CRISP-DM was developed in late 1996 by three main players of the then young data-

mining market - DaimlerChrysler (then Daimler-Benz), SPSS (then ISL), and NCR.

DaimlerChrysler had already had some experience in applying data mining in its business

operations. SPSS had been providing services related to data mining since 1990 and also

launched the first commercial data mining workbench - Clementine - in 1994. NCR had the

Teradata data and had teams of data mining consultants and technology specialists to service its

clients’ requirements. (CRISP-DM, 2000) Over the years the model has been developed and

suited for better data mining for various purposes. We found that this particular model would be

an effective method in application with our case study.

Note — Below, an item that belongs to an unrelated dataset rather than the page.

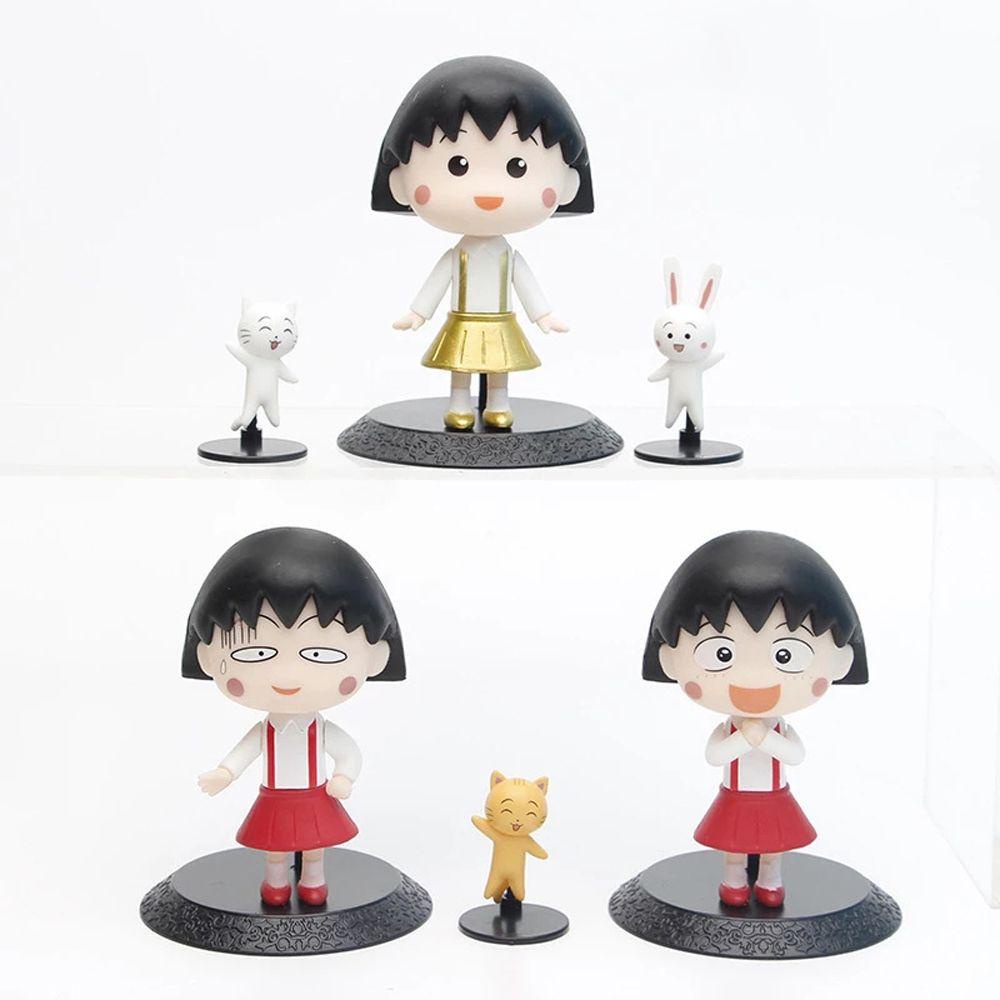 Mmluck chibi maruko chan Đồ Chơi Mô Hình Nhân Vật Hoạt Hình kawaii Trang Trí Quà Tặng Cho Trẻ Em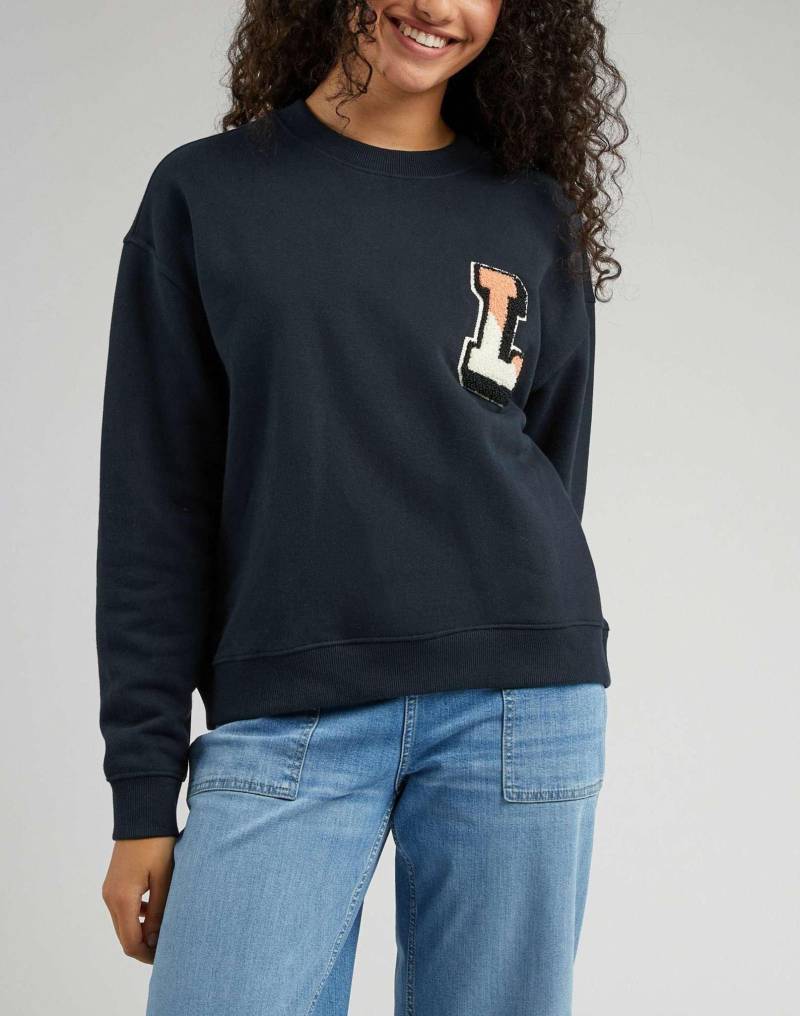 Crew Sweatshirt Damen Schwarz XS von Lee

The CRISP-DM methodological model consists of the following (Sullivan, 2004)

Business understanding - The clients’ point of view is considered at the first stage,

identifying the requirements and objectives of the selected applications. Problems and

restrictions of each application are identified and examined as well. This phase also

incorporates a description of the client background, the business objectives, and a

description of the criteria used to measure the success of the study.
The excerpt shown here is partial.